**WORK REQUIRED**
Please give back, word for word, each line from the start of the entries through the one in which "Xiu Shui Hotel Yuchi Extérieur photo" is found.

*** SUPPLIED DATA Section Begins ***

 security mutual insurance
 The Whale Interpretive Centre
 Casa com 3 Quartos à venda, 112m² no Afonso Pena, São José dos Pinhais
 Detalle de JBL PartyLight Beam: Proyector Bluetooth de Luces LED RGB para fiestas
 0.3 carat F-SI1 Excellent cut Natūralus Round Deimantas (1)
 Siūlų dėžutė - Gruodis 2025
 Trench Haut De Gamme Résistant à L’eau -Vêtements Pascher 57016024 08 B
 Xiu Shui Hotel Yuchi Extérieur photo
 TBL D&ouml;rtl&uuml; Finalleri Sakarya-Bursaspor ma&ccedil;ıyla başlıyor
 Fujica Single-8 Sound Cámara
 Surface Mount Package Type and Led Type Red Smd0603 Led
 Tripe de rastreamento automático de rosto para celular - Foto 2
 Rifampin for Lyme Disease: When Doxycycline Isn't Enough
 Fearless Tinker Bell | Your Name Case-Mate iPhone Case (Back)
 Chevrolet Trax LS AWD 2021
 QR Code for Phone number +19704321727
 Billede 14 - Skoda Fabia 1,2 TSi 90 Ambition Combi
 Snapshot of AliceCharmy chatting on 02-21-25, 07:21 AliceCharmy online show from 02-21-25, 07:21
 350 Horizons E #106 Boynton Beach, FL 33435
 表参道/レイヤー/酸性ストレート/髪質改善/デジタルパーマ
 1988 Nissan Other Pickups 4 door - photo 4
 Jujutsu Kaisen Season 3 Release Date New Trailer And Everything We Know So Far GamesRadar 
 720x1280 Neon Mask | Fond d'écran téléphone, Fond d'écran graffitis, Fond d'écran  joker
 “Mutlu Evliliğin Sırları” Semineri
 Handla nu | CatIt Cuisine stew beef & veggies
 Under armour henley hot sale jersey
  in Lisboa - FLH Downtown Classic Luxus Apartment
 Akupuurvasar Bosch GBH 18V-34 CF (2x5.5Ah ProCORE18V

*** SUPPLIED DATA Section Ends ***

**ANSWER**
 security mutual insurance
 The Whale Interpretive Centre
 Casa com 3 Quartos à venda, 112m² no Afonso Pena, São José dos Pinhais
 Detalle de JBL PartyLight Beam: Proyector Bluetooth de Luces LED RGB para fiestas
 0.3 carat F-SI1 Excellent cut Natūralus Round Deimantas (1)
 Siūlų dėžutė - Gruodis 2025
 Trench Haut De Gamme Résistant à L’eau -Vêtements Pascher 57016024 08 B
 Xiu Shui Hotel Yuchi Extérieur photo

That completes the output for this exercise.